▸ Try it: Transcribe, starting at the line with "Лестница-трансформер Новая высота" and ending at the line with "Mercedes-Benz Klasa S", every line of the material below exactly, but leave out the pictures and anything outside that span.

▸ Input data:
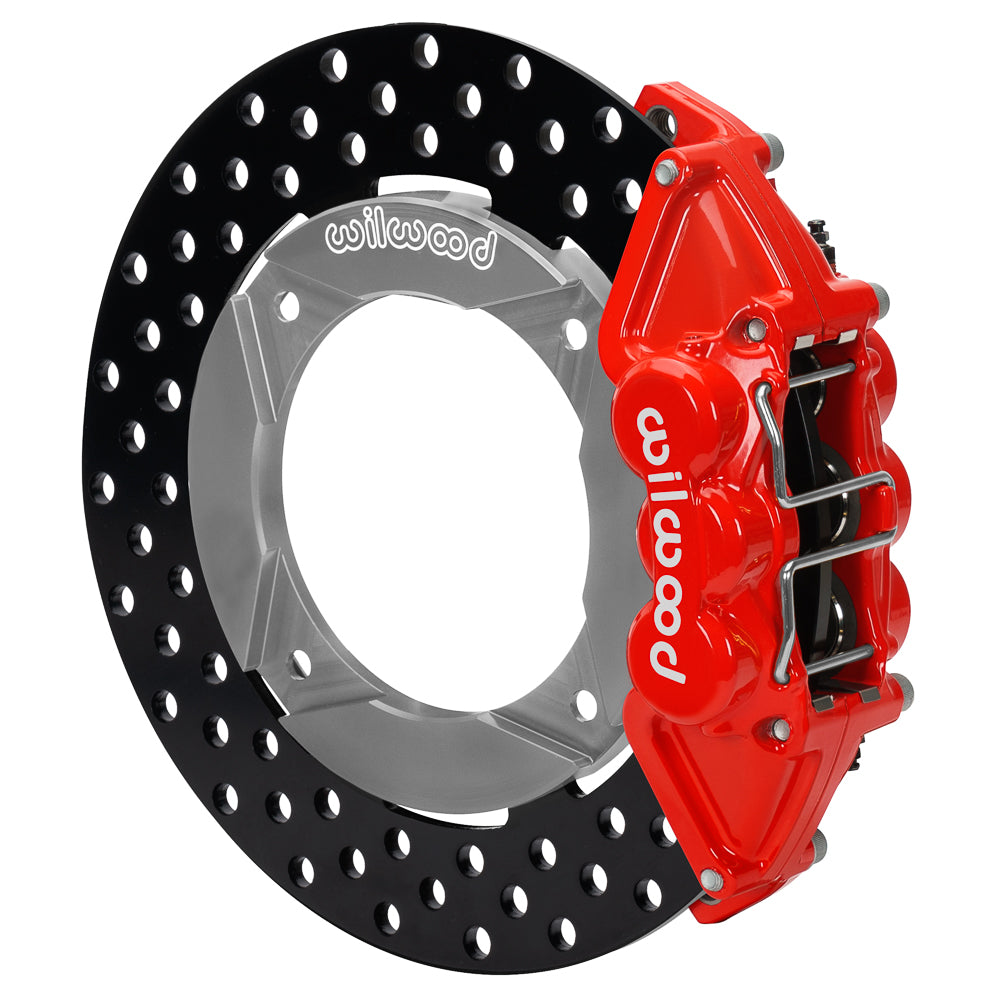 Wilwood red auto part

--

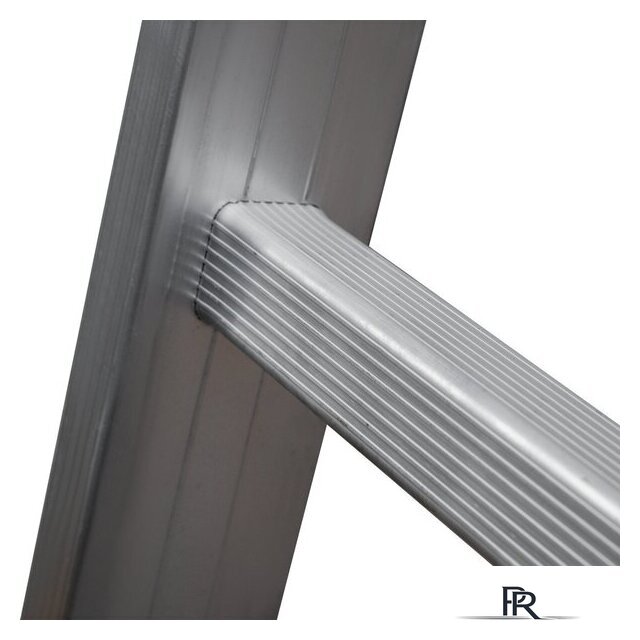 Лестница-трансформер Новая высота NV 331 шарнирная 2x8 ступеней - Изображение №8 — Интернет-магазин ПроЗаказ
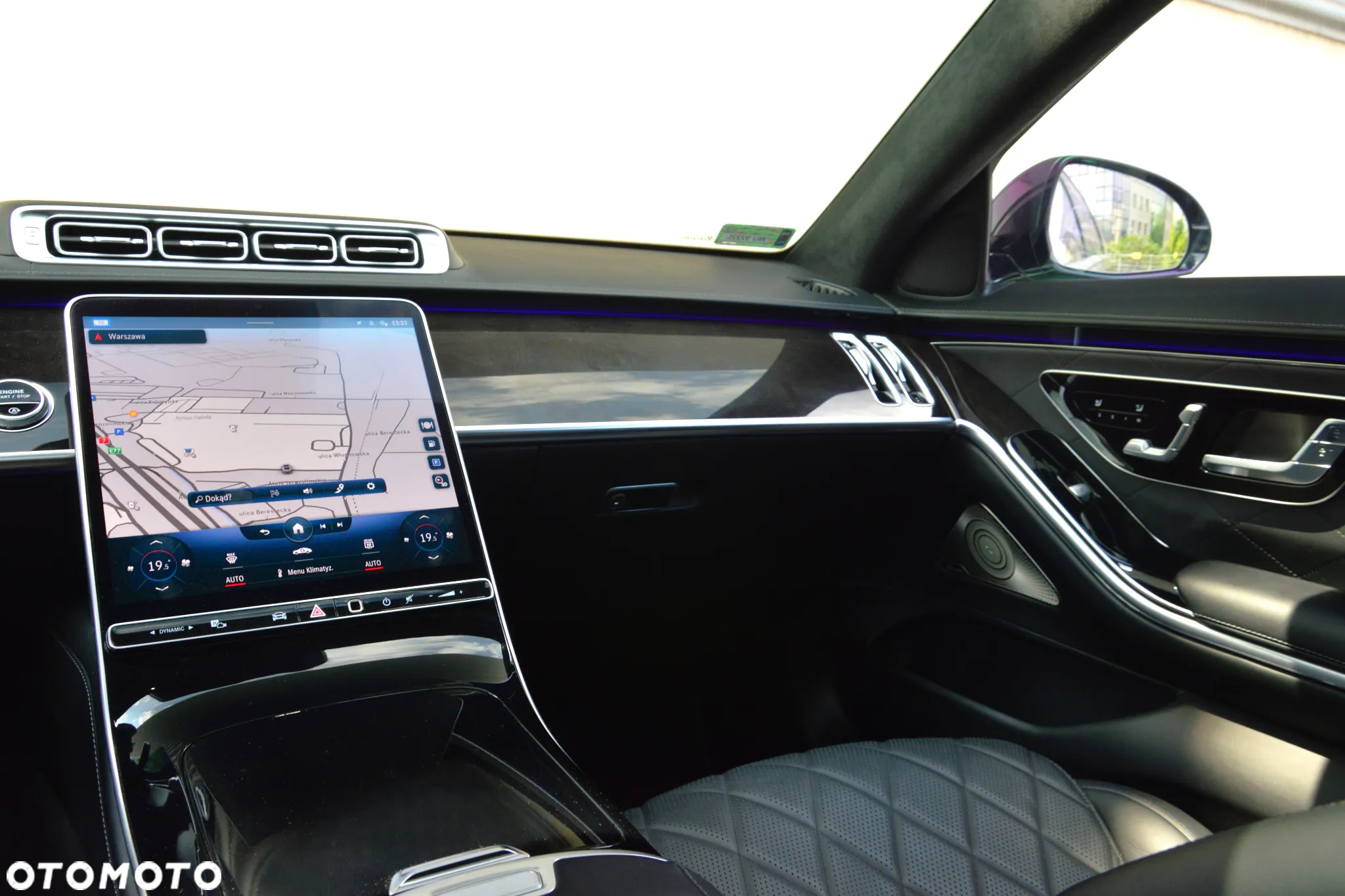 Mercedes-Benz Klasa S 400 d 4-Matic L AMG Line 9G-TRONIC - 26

▸ Response:
 Лестница-трансформер Новая высота NV 331 шарнирная 2x8 ступеней - Изображение №8 — Интернет-магазин ПроЗаказ
 Mercedes-Benz Klasa S 400 d 4-Matic L AMG Line 9G-TRONIC - 26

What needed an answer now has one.